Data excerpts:
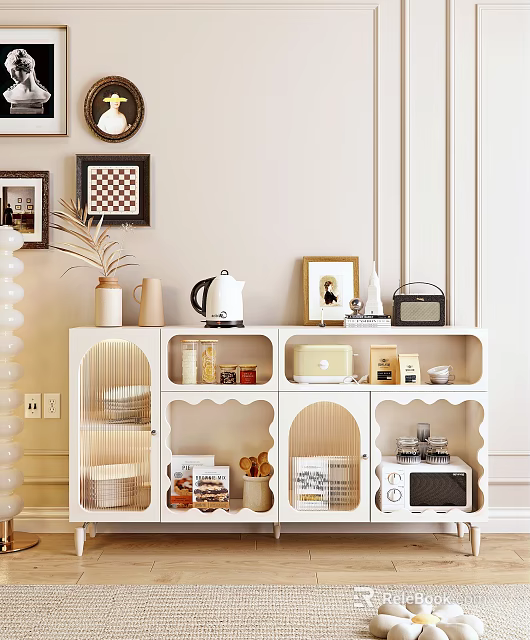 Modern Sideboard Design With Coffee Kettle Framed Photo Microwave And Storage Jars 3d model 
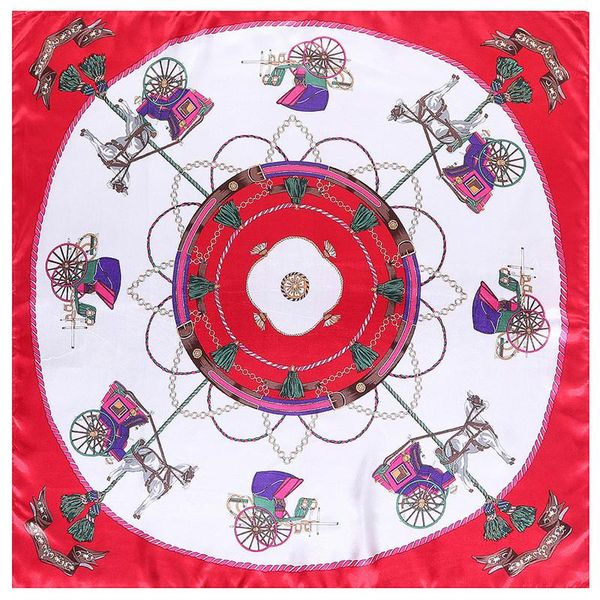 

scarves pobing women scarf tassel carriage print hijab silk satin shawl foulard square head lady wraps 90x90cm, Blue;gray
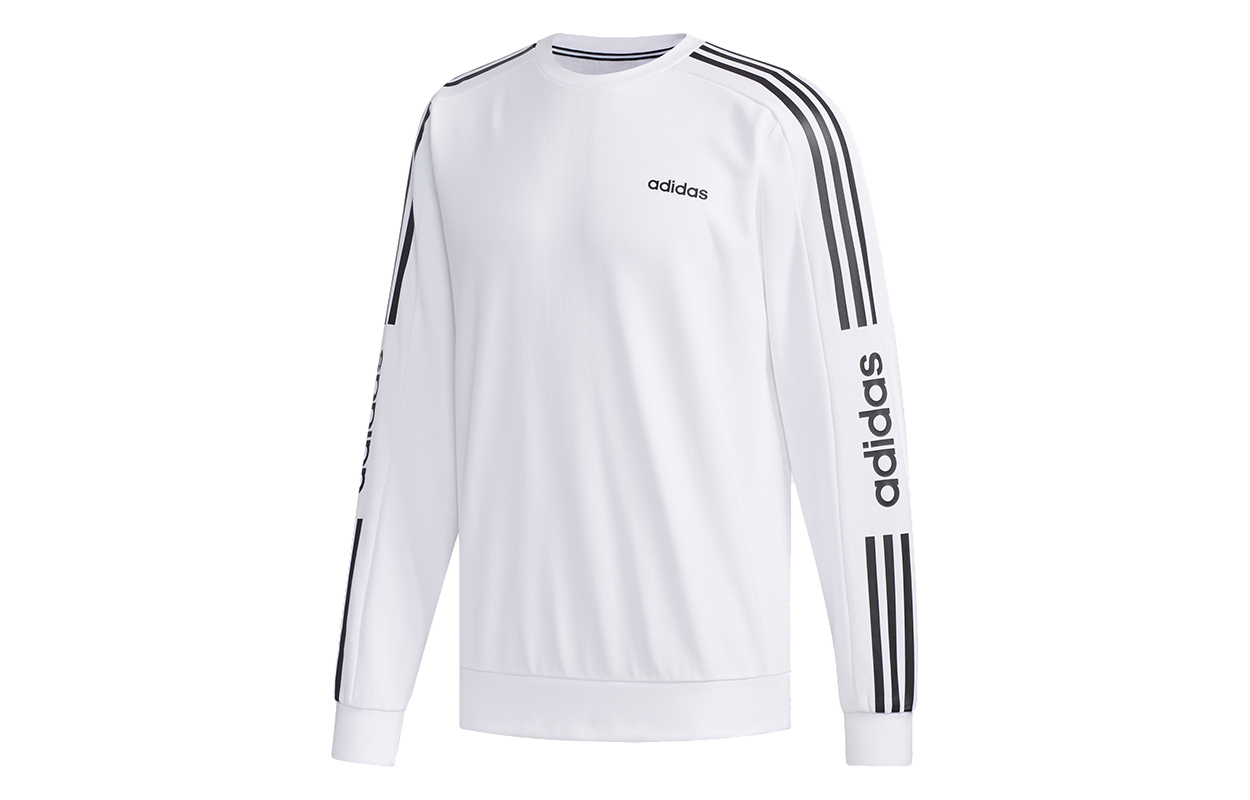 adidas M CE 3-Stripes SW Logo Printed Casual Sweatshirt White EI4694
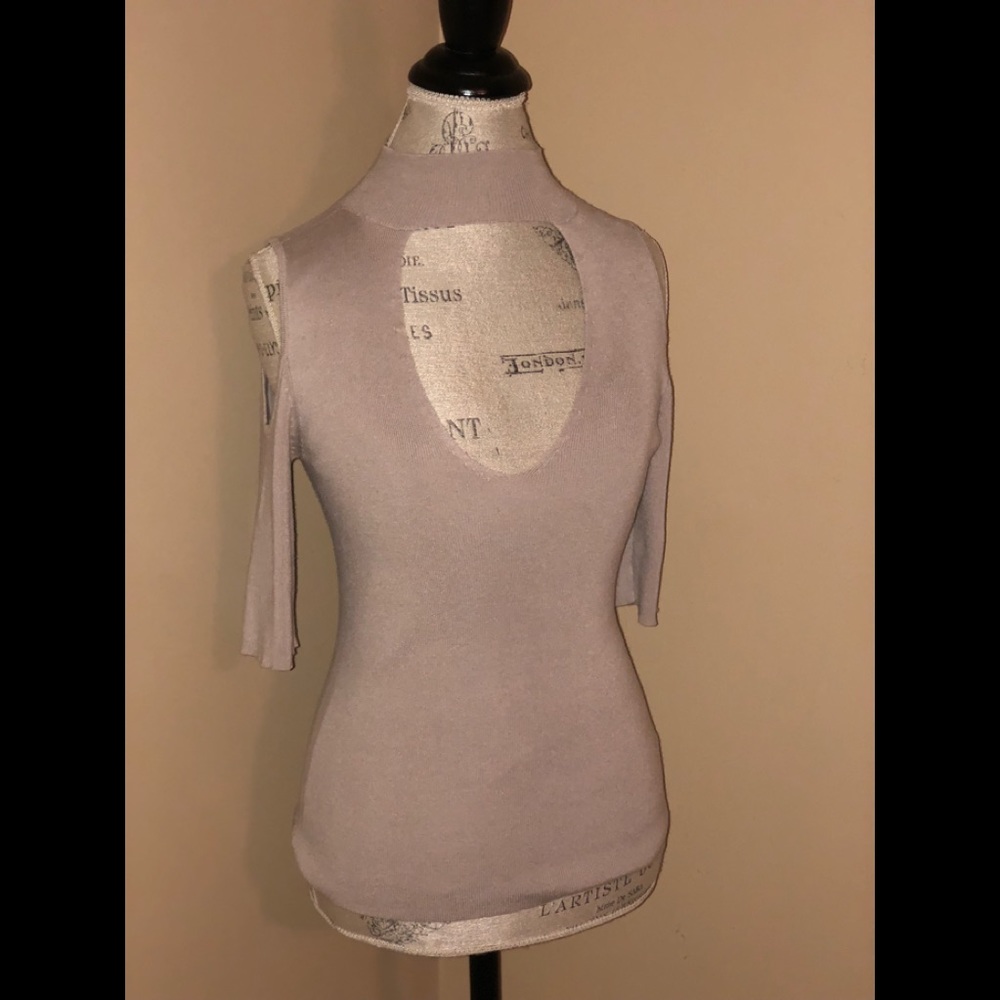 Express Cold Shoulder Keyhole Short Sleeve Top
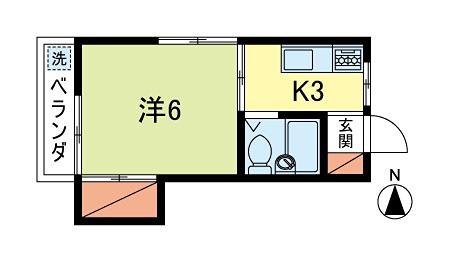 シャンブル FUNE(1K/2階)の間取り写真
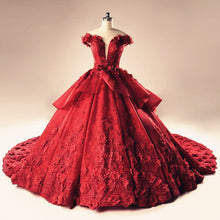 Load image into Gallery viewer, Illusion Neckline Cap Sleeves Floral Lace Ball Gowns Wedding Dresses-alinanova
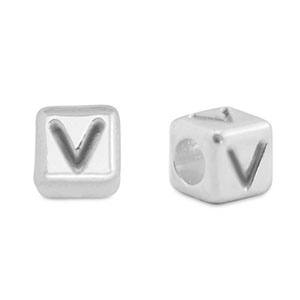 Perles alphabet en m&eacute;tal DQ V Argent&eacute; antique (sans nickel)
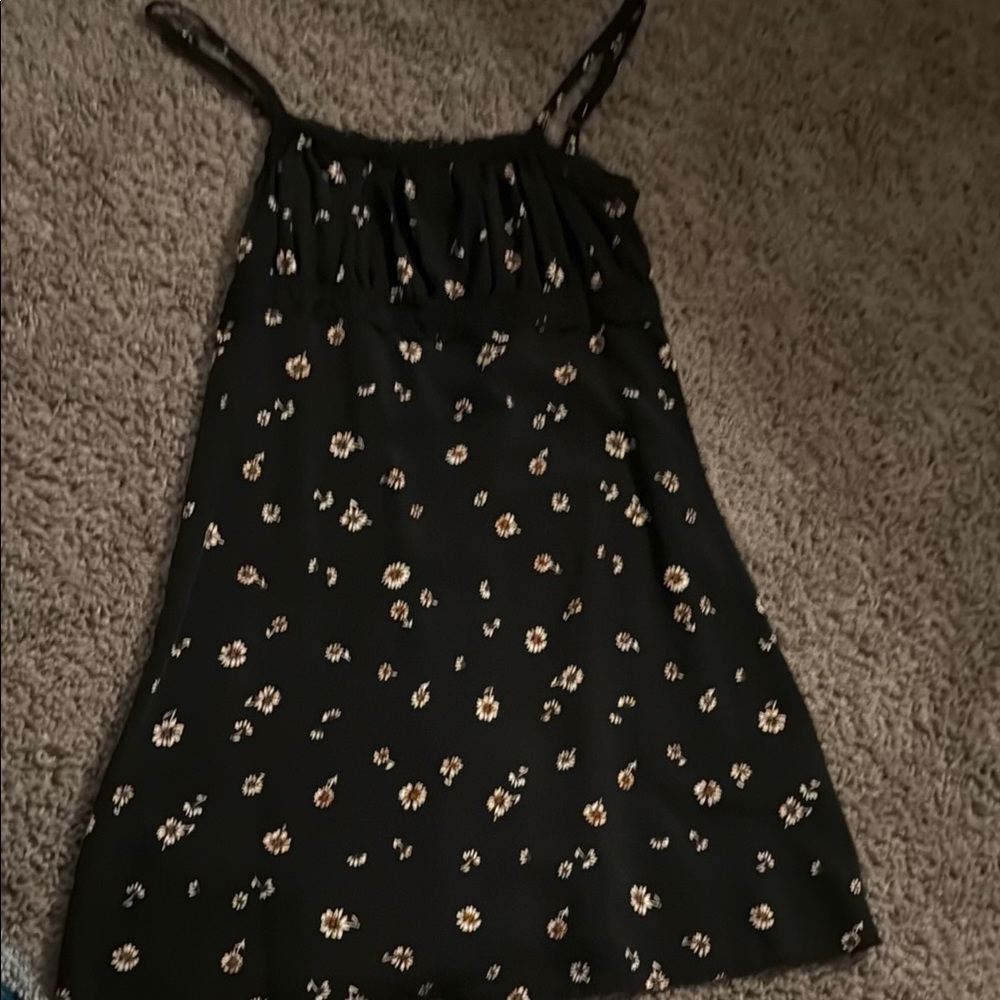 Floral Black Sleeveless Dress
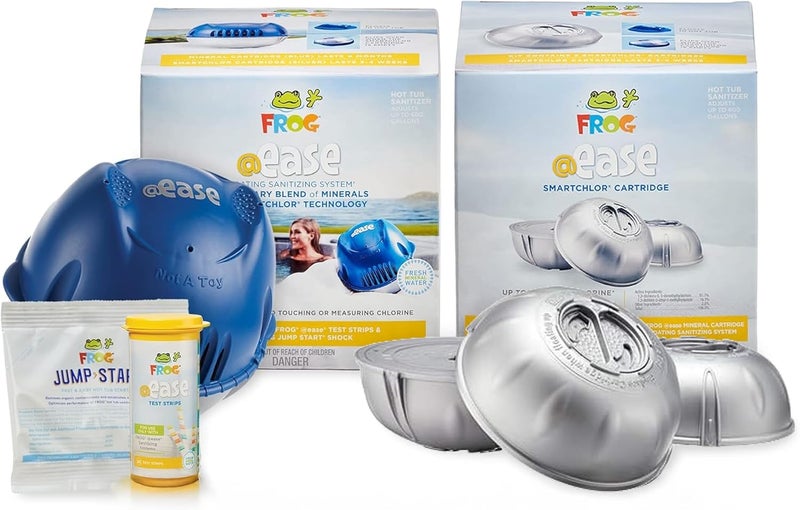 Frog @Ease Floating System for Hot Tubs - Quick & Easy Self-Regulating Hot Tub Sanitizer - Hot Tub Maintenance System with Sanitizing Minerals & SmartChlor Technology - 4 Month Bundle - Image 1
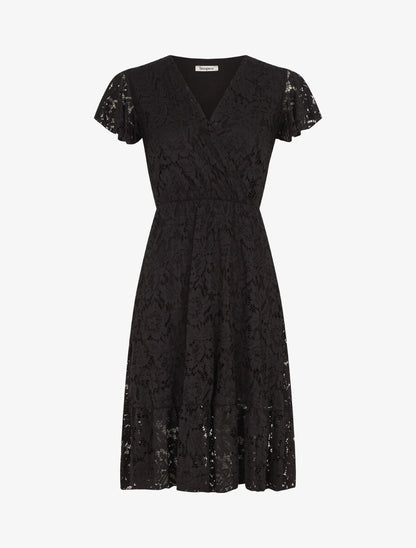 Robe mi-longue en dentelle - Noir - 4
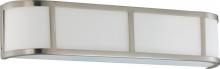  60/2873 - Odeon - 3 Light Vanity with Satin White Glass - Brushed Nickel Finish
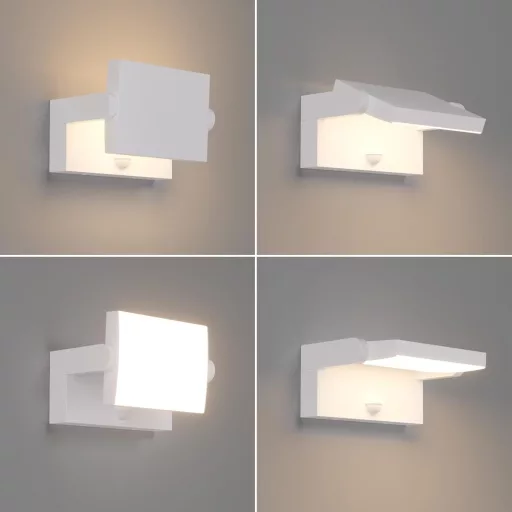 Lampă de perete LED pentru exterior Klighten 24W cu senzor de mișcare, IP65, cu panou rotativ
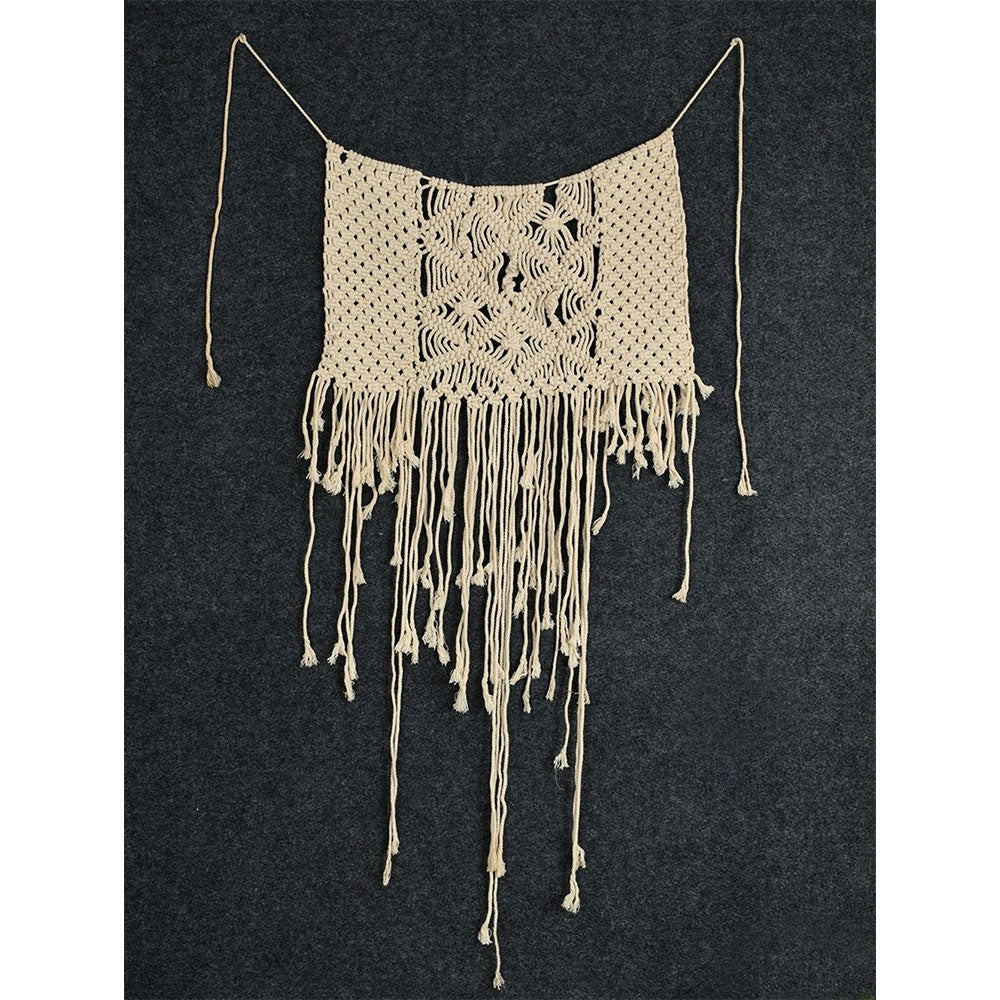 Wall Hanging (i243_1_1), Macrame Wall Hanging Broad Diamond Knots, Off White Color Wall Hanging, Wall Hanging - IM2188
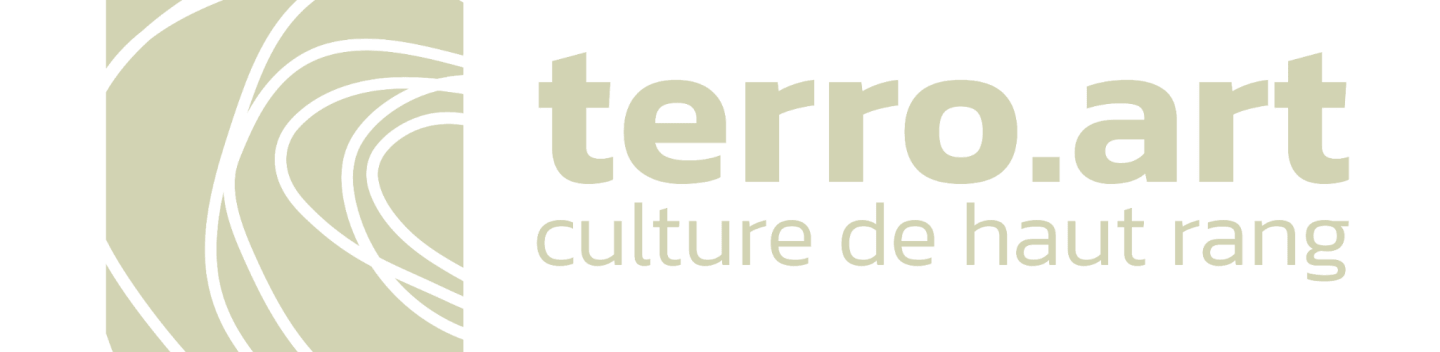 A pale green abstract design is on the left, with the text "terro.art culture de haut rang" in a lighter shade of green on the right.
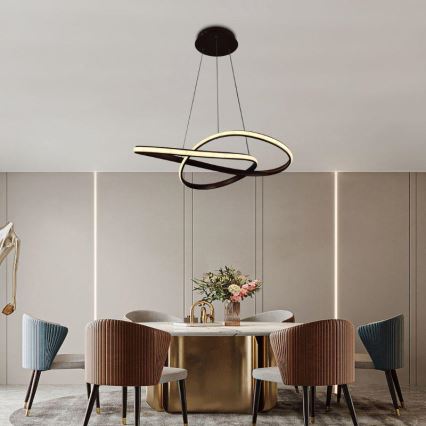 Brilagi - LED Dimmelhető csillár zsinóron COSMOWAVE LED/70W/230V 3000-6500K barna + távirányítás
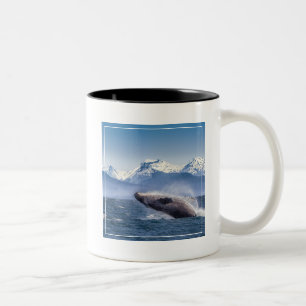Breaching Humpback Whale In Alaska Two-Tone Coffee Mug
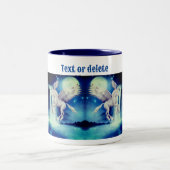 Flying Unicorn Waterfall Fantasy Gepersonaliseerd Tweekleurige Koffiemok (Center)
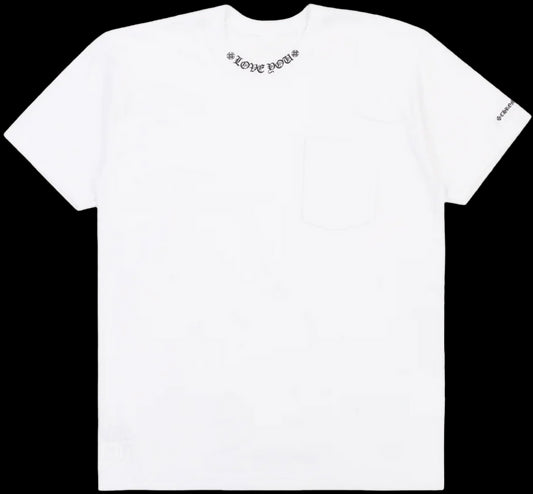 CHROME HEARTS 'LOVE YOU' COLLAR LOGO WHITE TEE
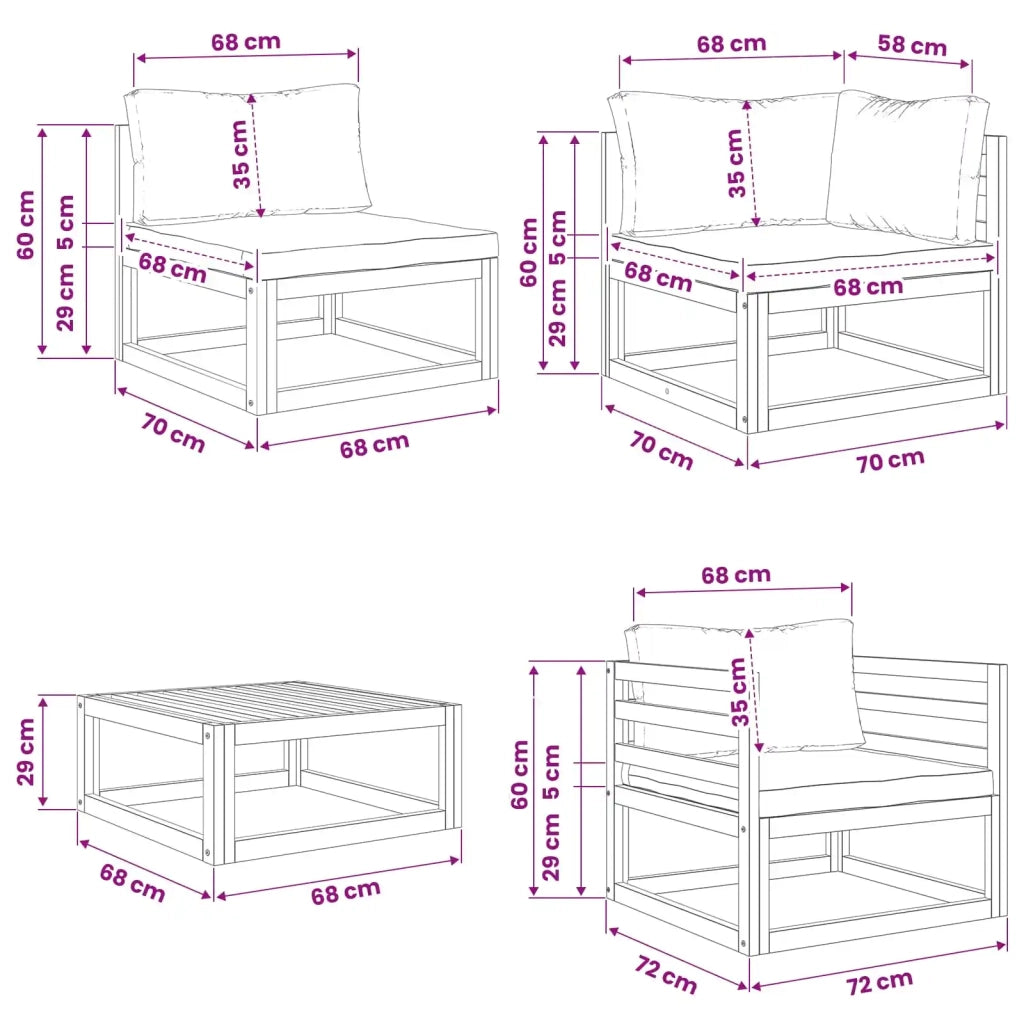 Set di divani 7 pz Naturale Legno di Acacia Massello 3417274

#### Work instructions
Copy only the lines above from the one containing "scarves pobing women" through the one containing "Floral Black Sleeveless Dress", both included. Leave out the pictures.

#### Response box
scarves pobing women scarf tassel carriage print hijab silk satin shawl foulard square head lady wraps 90x90cm, Blue;gray
 adidas M CE 3-Stripes SW Logo Printed Casual Sweatshirt White EI4694
 Express Cold Shoulder Keyhole Short Sleeve Top
 シャンブル FUNE(1K/2階)の間取り写真
 Load image into Gallery viewer, Illusion Neckline Cap Sleeves Floral Lace Ball Gowns Wedding Dresses-alinanova
 Perles alphabet en m&eacute;tal DQ V Argent&eacute; antique (sans nickel)
 Floral Black Sleeveless Dress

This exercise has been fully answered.